Toboggan Riding with Kids
I hear this regularly, “weren’t the kids terrified?!?!?” The answer is OCCASSIONALLY! Toboggans are generally geared towards older speed demons. You control your speed and most adrenaline junkies want to go fast. With that being said, controlling the toboggan itself is incredibly easy. Our 6 year old had no issues riding it alone. To my surprise, there were not any age restrictions. If the child appeared to be old enough to control the sled, which is just a simple stick, then they could ride alone. Wow. I was shocked and our children were shocked to discover this immense amount of trust instilled in them by the operators! Especially so, given that there were signs everywhere (caution, brake, begin to slow, sharp turn) and my children couldn’t read at the time. Yikes.
The glorious part about the toboggan’s design is that when you get nervous you tense up and naturally pull back on the stick. By pulling back on the stick you brake. So if a child is scared and beginning to panic they will slow themselves down rather quickly. Another concerned parent might say “my kid will never climb the mountain to get the sled back up.” Nor should they. At the bottom of the mountain they hop off of the conveyer belt and get on another that pulls them and their sled back up the mountain. . .backwards. This portion of the ride takes the most amount of time as it moves very slowly.

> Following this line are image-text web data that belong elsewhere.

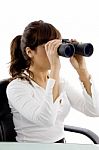 lady Looking Through Binoculars Stock Photo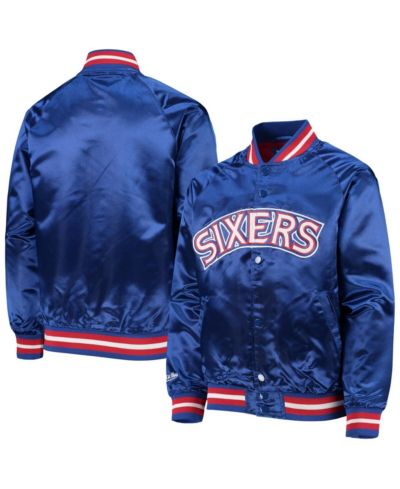 Детская атласная куртка Mitchell & Ness Royal Philadelphia 76ers Hardwood Classics Satin Raglan Full-Snap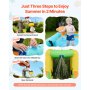 VEVOR Inflatable Bounce House, 14.9 x 12.8 x 7.8 ft Inflatable Bounce House Water Slide, Bouncer Castle with Castle Bounces, Tall Slide, Splash Pool & Pretend Market Booth, for 3 to 4 Kids Ages 3 to 8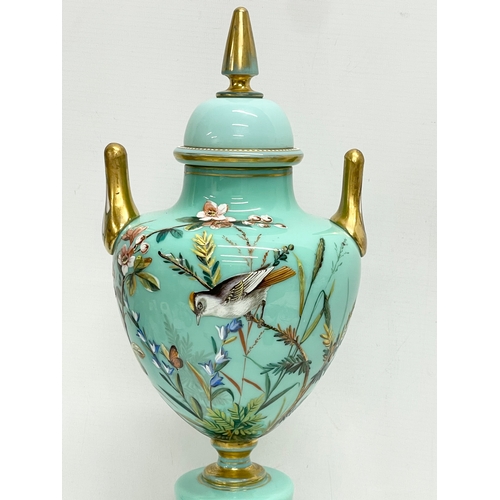 46 - A large 19th century hand painted Harrach Glass urn with lid. 46.5cm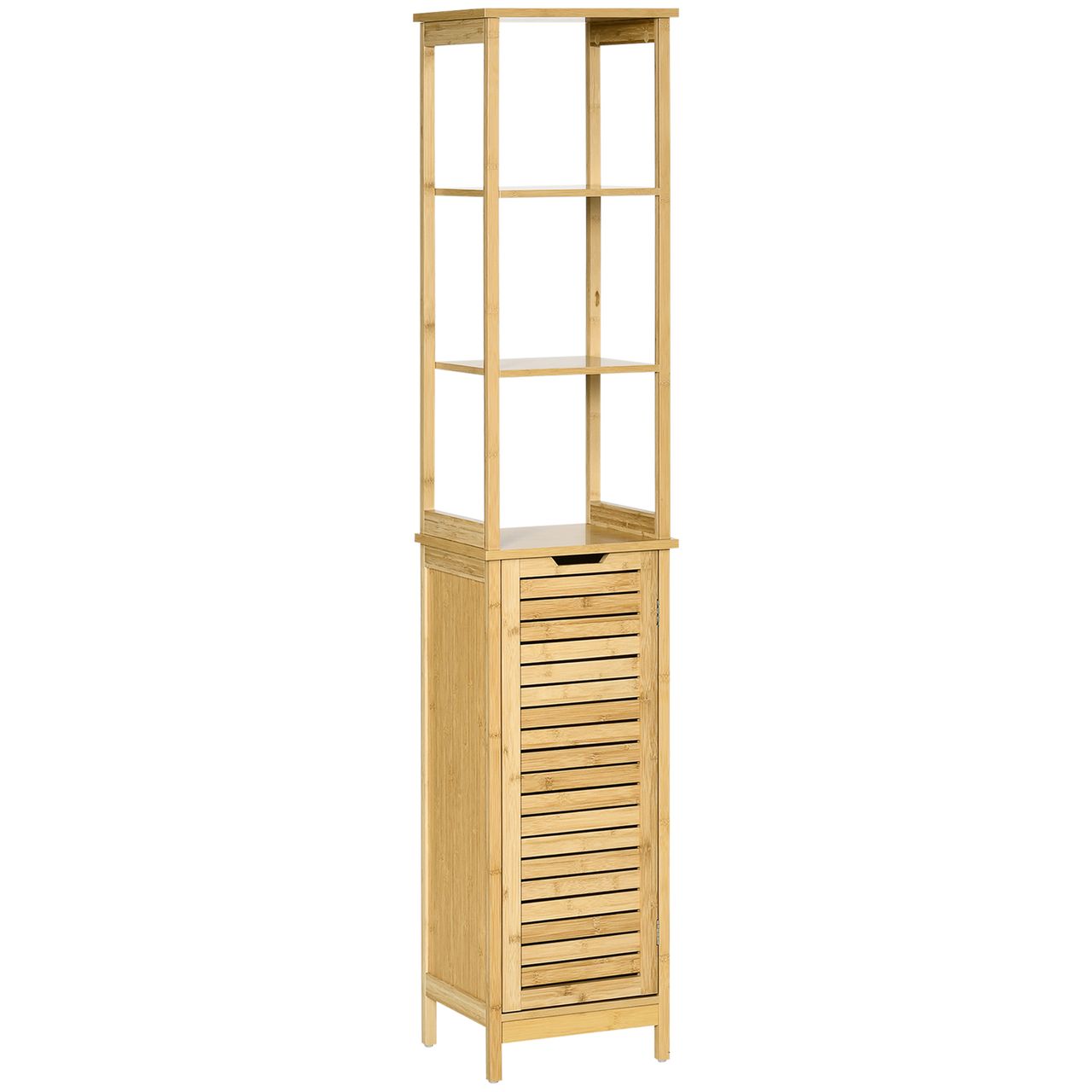 kleankin Badezimmerschrank Badezimmer Hochschrank mit 3 offenen Fächer Natur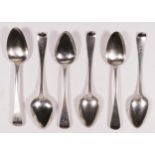 A George III silver set of Old English pattern tea spoons, London 1814, 112 gm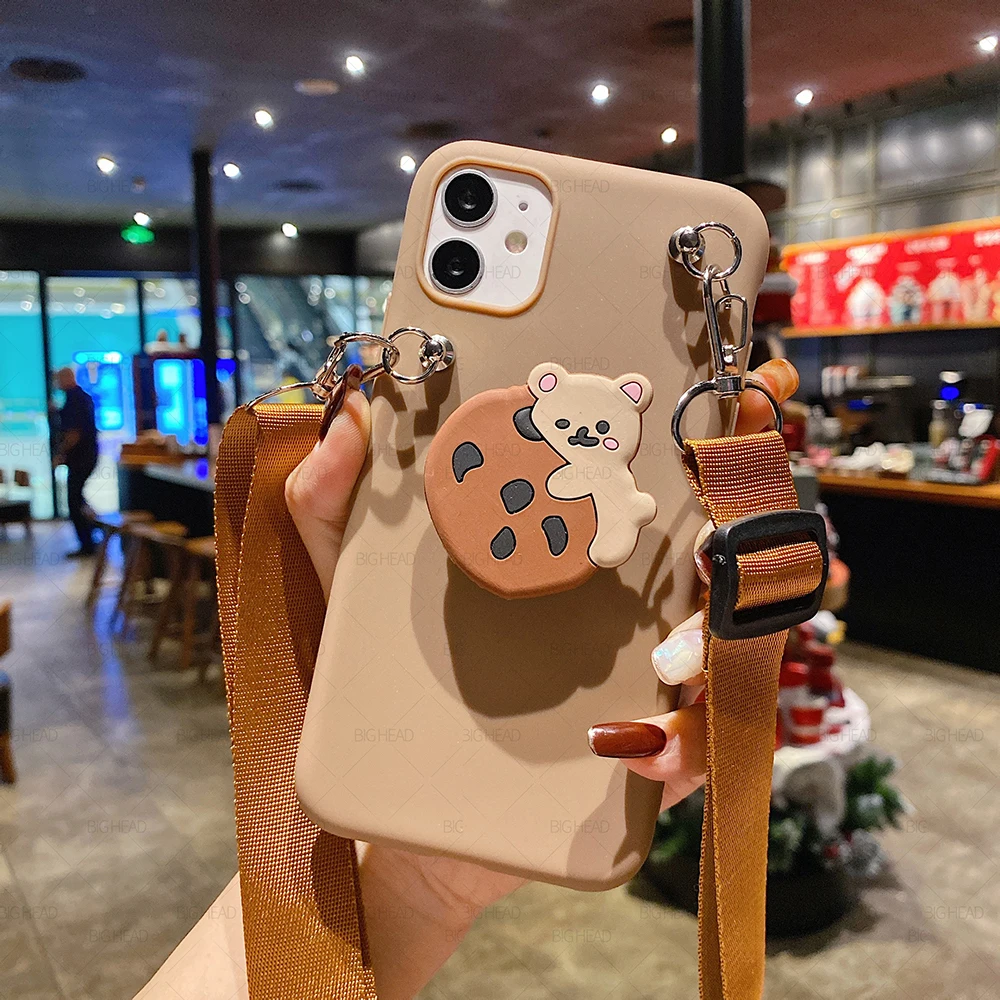 Cute Cartoon Holder With Lanyard Soft Phone Case for Xiaomi Redmi Note 9 9S 8T 8 Pro 7 6 5 4X 9A 9C 8A 7A 6A 5Plus 5A 4A Cover xiaomi leather case glass Cases For Xiaomi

The toboggan rides were fairly affordable by European standards. I do feel, that most Americans would find it expensive given the access we all seem to have to amusement parks. The summer toboggan of Mount Pilatus was approximately $9 USD per adult and $5.50 USD per child. At that time, ages three and under were free. Therefore, the cost was quite affordable. If you can talk yourself out of doing it over and over again, but fair warning, you will want to. The toboggan at Mount Pilatus is a bit more expensive than some of the more rural (off the beaten path) toboggans. For the random roadside stop toboggans we paid approximately $7 USD per adult and around $4 USD per child. Very affordable, once in a lifetime fun for the whole family.
But. . .There’s So Much Else to See!
You would be correct. There is so much to see throughout Europe that the toboggans come across as an unnecessary. Your agenda is already packed I’m sure. If you truly want a taste of what local living looks like, then a toboggan ride can give you that view. If you want to see the beautiful picturesque countrysides of Europe, then a toboggan ride can you that as well. I have always been a huge proponent of having a slow day to enjoy the atmosphere and view. The view. . .you really should see it. There’s no “bad view” from a toboggan.